# NooB with an EV boat plan!



## mizlplix (May 1, 2011)

Plan on some fairly big motors. I am afraid that golf cart size is way too small.

I would use two 11" DC motors. the props would be fairly appropriate rpm wise.

My bigger concern is battery type and placement.

What are your range/speed expectations?

Miz


----------



## Duncan (Dec 8, 2008)

Hi Meangreen

If you stay within your "hull speed" you will only need about 10hp so relatively small motors will be fine,

The efficiency goes up with prop diameter so see what is the largest props you can fit, - you may need to gear the motors down

11 inch motors would be massive overkill!


----------



## mizlplix (May 1, 2011)

I like overkill. I would use 11HV motors. 

8mph would get boring quickly.

Miz


----------



## meangreen (Oct 19, 2011)

My lake has over 600 miles of shoreline but I only want to cruise about 6 miles of it.
I plan on running a 72V deep cycle bank per motor and only use 85 percent of the motors recommended output. Just to stay on the safe side. I have room for as many batteries needed and plan on using a wind gen plus a diy 6.5hpX 3 alternator charging method while at stop.

Oh and my props are a little over 13". Plenty for cruising I would suspect.


----------



## Duncan (Dec 8, 2008)

Hi Mizlplix

I like overkill as well - but - 
a planing boat uses so much power that electric is not really viable

sticking to hull speed reduces the power by a factor of 20??

Hi Meangreen 
13 inches sounds big - big is good!


----------



## mizlplix (May 1, 2011)

It sounds like a nice day cruiser. Some small motors will do nicely then. 

Have you considered some water thrusters to assist with low speed turning? It can be an electric system and added later. An electric powered water pump and simple water jets at 4 corners controlled by electric valves. 

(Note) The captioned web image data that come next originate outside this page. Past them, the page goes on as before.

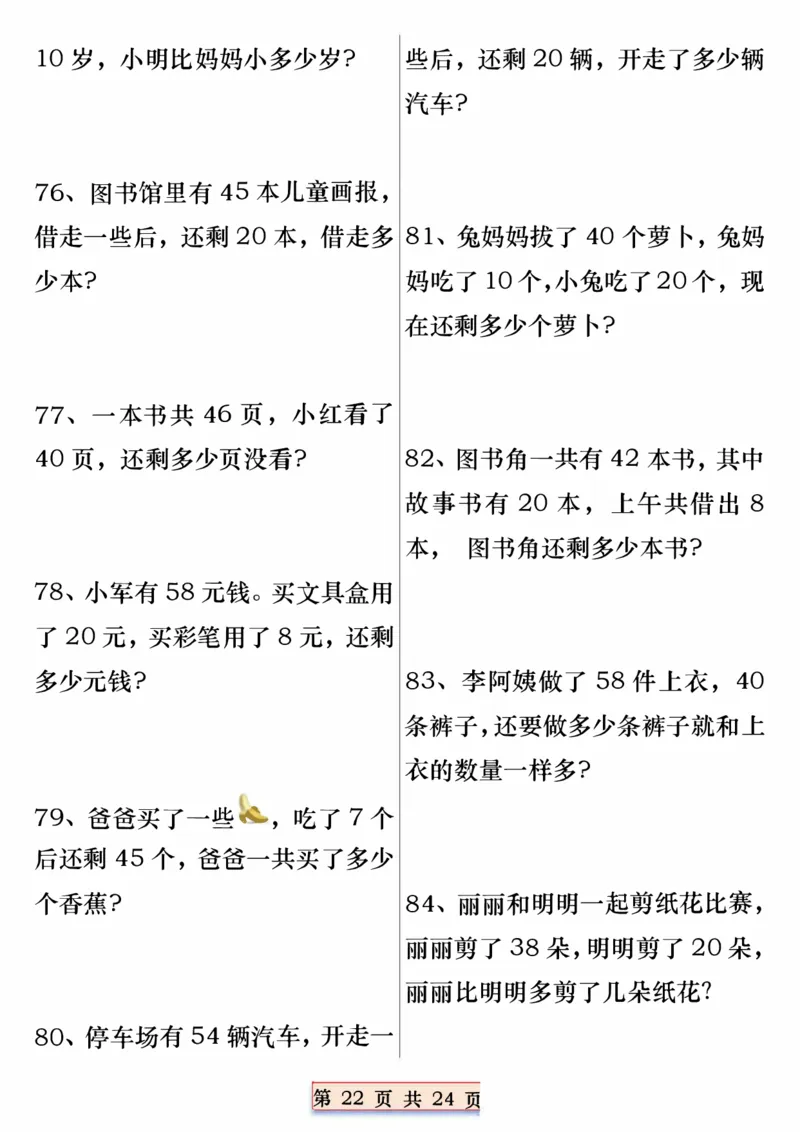 404一年级数学下册重点思维应用题100道专练（含答案24页）(3)_一年级上下册资料_一年级下册小红书同款资料_一下语文_一年级下册免费资料库_一年级下册免费资料库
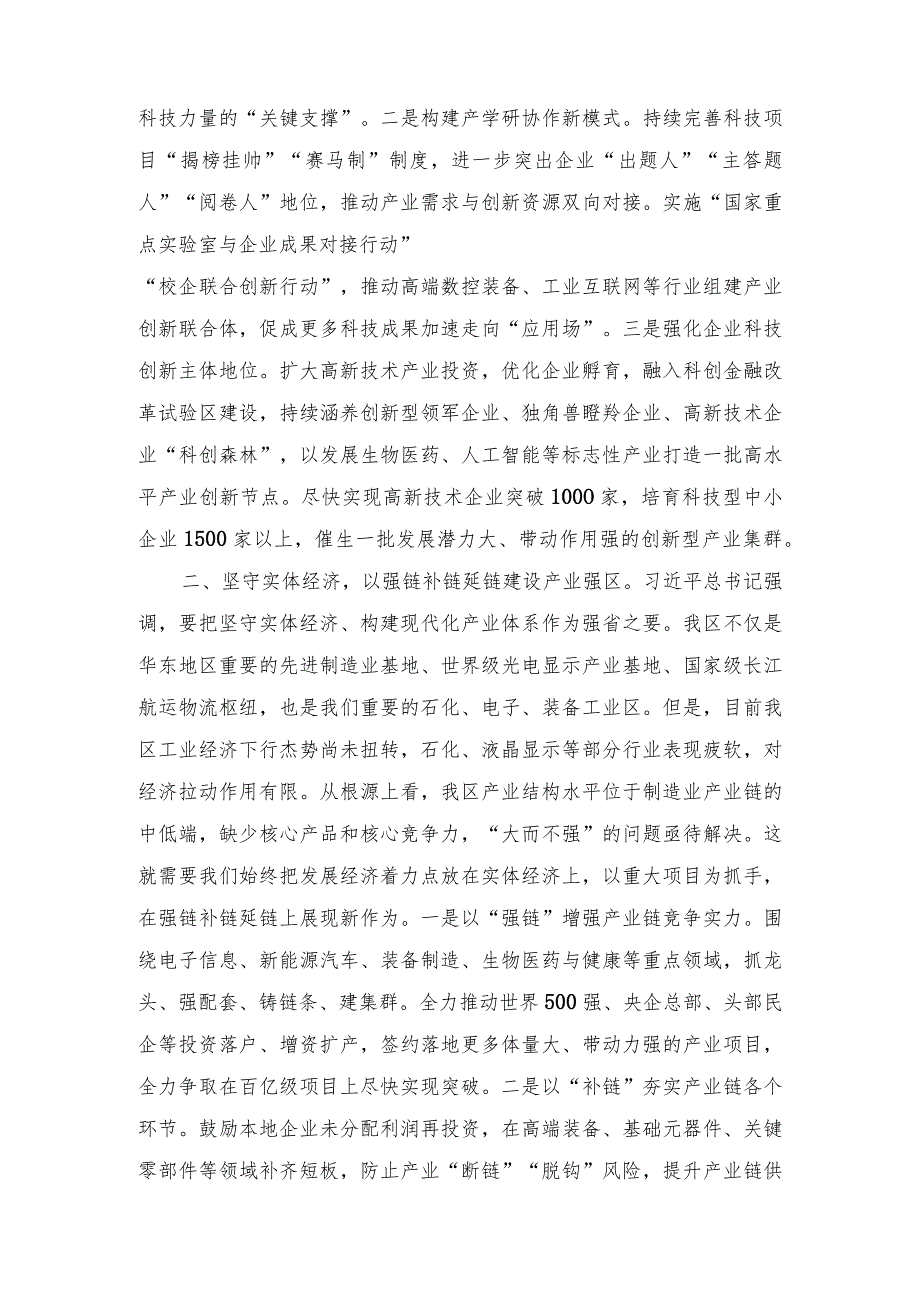 2023年在“牢记嘱托、感恩奋进、挑大梁勇登攀、走在前”大讨论上交流发言稿.docx_第2页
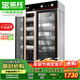 圣 托（shentop）消毒柜商用 立式雙門(mén)消毒碗柜紫外線(xiàn)臭氧熱風(fēng)循環(huán)保潔柜 大容量酒店飯店食堂碗柜 YTP910-C7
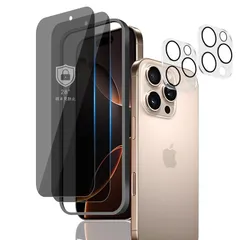 対応 iPhone 16 Pro max ガラスフイルム 覗き見防止 iPhone16Promax フイルム (2枚) + カメラフィルム (2枚)+ ガイド枠付き 【 国産旭硝子素材 - 高 品質】アイフォン16プロmax 強化ガラス のぞき見防止 アイ 1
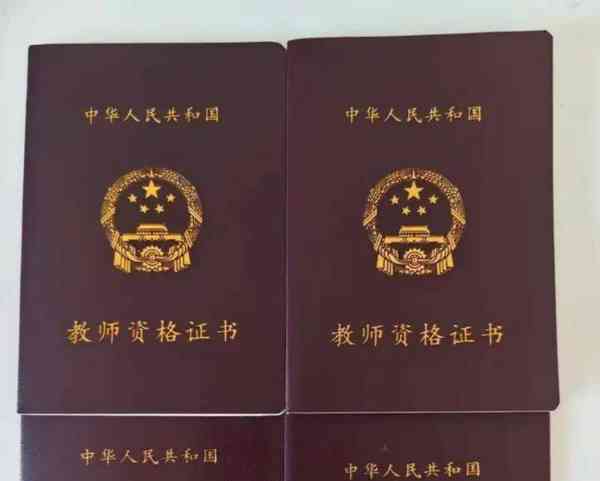 教师资格认定什么意思 教师资格证如何认定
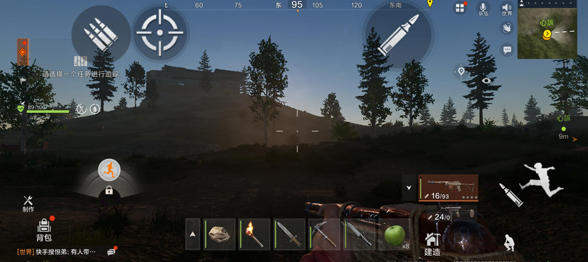 失控进化正式服上线时间汇总｜失控进化公测及开服日期一览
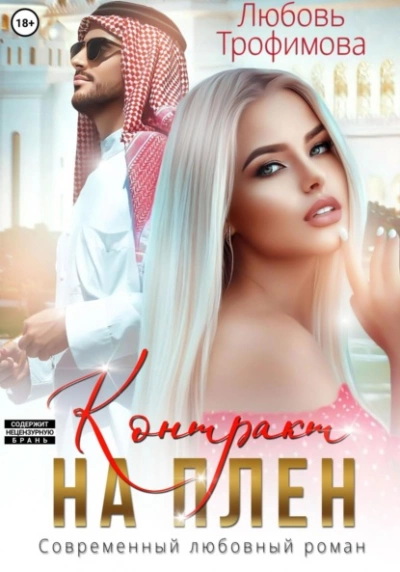 Контракт на плен - Любовь Трофимова Слушать аудио книги онлайн без регистрации полностью бесплатно - knigavkarmane.net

Take pics and share with us.

Miz


----------



## Anaerin (Feb 4, 2009)

You'll only need one controller. You can connect 2 (DC) motors to one controller in series or parallel, depending on if you have high voltage or high amperage available (Series for a high voltage pack/controller, Parallel for a high amperage pack/controller). Given that you'll be turning the props at around 3700-4200 RPM, which is pretty much mid-high range for a DC electric motor (They top out at 5500 RPM or so) you don't need a transmission to change speeds. A pair of 7" motors (or 9" if the torque needed is just too big) in series with a 244V pack would do very nicely indeed.


----------



## meangreen (Oct 19, 2011)

Hi Anaerobic,

I can use one controller for two motors? Can I put one motor in forward and the other in reverse at the same time? Low speed maneuvering is better controlled with the props and not the rudders. Would I be able to use two potboxes to control both motors with one controller?

Thanks


----------



## Anaerin (Feb 4, 2009)

meangreen said:


> Hi Anaerobic,


Interesting spell check correction. 


meangreen said:


> I can use one controller for two motors? Can I put one motor in forward and the other in reverse at the same time? Low speed maneuvering is better controlled with the props and not the rudders. Would I be able to use two potboxes to control both motors with one controller?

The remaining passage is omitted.